Wednesday 20 February 2019

Sunac buys $1.9bn of projects as China's housing market cools

Betting big: Sunac is deepening its investment in housing in Bejing (pictured) and Shanghai — even as China enters a predicted “year of recession”
Betting big: Sunac is deepening its investment in housing in Bejing (pictured) and Shanghai — even as China enters a predicted “year of recession”
Shanghai

Paul Panckhurst

Sunac China Holdings Ltd., the developer known for its aggressive debt-fuelled expansion, is buying projects in Beijing and Shanghai for almost $2bn just as the nation's property market cools.

Sunac is paying 12.6 billion yuan ($1.9bn) to purchase Oceanwide Construction Holdings Co., it said in a statement last Monday. The acquisition is a mix of debt and equity.

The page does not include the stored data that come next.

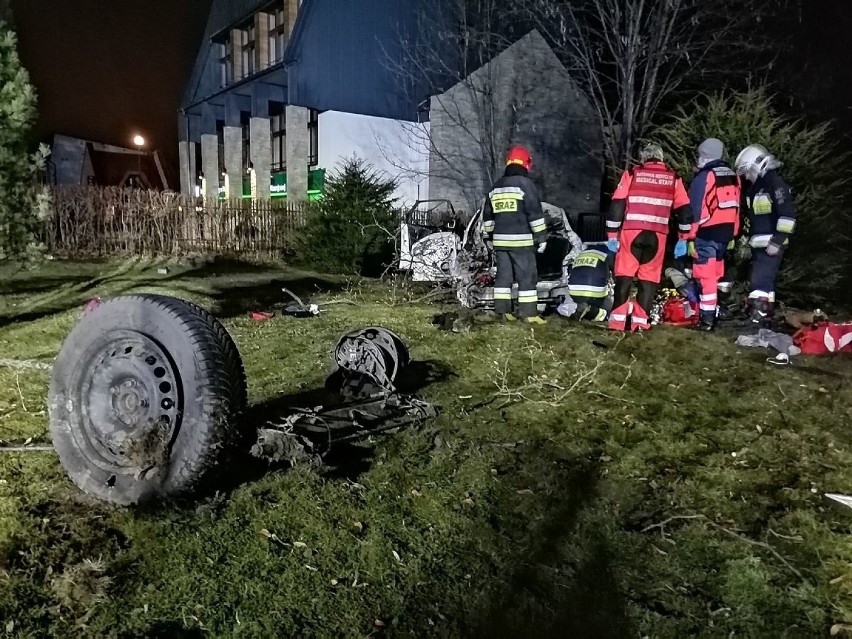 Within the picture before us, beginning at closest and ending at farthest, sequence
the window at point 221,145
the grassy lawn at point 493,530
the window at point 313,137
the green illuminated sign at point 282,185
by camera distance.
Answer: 1. the grassy lawn at point 493,530
2. the green illuminated sign at point 282,185
3. the window at point 313,137
4. the window at point 221,145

The housing market in Asia's biggest economy is entering what China International Capital Corp. has forecast will be a "year of recession." Sunac is at risk from tighter liquidity and rising funding costs because of its 232 percent net debt-to-equity ratio, with 34pc of debt maturing within a year, Bloomberg Intelligence reported last month.

Still, property analysts forecast that real estate will fare better in 2019 in the larger cities - such as Beijing and Shanghai - than in the smaller ones, where caps on shantytown-redevelopment spending may inhibit demand. And while Sunac stands out for its debt, the firm has also been a leader for profit growth.

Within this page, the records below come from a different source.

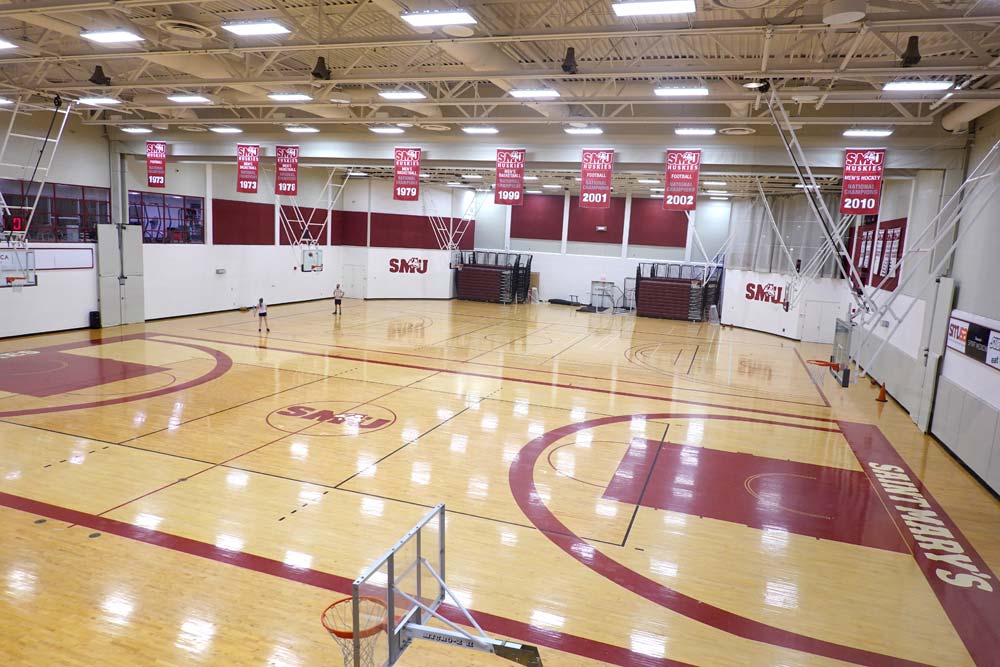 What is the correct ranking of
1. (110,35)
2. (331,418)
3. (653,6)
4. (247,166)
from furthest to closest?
1. (247,166)
2. (331,418)
3. (110,35)
4. (653,6)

The Beijing project that Sunac is acquiring is in the city's Chaoyang district, and mainly focused on residential, commercial, office and hotel sites. The Shanghai project, in Huangpu district, is for residential and commercial development.

National housing sales in China may tumble 10pc this year, HSBC Holdings Plc analyst Michelle Kwok said in a report earlier this month. However, the residential market is "far from entering a severe downturn," she wrote.

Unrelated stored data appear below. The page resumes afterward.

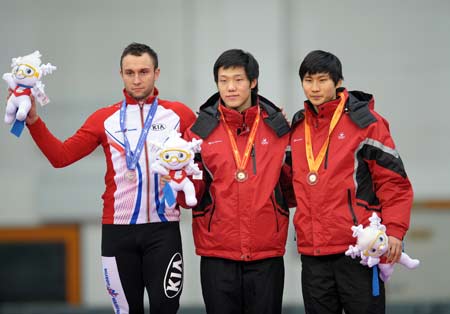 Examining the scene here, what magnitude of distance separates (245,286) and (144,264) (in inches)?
18.4

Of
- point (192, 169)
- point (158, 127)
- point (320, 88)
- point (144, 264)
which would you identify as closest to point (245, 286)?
point (144, 264)

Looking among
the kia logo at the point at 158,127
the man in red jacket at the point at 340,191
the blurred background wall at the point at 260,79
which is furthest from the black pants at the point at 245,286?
the blurred background wall at the point at 260,79

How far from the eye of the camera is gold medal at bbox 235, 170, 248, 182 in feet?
13.6

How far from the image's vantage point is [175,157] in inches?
157

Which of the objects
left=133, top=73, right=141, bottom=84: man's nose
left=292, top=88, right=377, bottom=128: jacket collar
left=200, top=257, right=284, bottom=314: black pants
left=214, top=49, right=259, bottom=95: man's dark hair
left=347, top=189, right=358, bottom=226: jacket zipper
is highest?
left=214, top=49, right=259, bottom=95: man's dark hair

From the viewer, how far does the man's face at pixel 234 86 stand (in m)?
4.19

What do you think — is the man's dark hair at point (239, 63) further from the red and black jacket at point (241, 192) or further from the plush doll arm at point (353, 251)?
the plush doll arm at point (353, 251)

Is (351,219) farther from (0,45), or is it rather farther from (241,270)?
(0,45)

Sunac has lately been in the news because of Chairman Sun Hongbin joining fellow tycoons in transferring $17bn of their wealth into family trusts as China toughens its tax regime.

Sun's transfer, made on New Year's Eve, was for $4.5bn. In 2017, his fortune more than tripled, the latest twist in a career that has involved a stint in jail and the forced sale of a developer he once predicted to become the nation's largest. Sun and his family members are beneficiaries of the trust. His son, Kevin Zheyi Sun, was appointed as a Sunac executive director in May 2017. He was 27 at the time.

Sunac's stock has been in decline since its 2017 peak after an ill-fated attempt to offer a lifeline to Internet company Leshi Internet Information & Technology.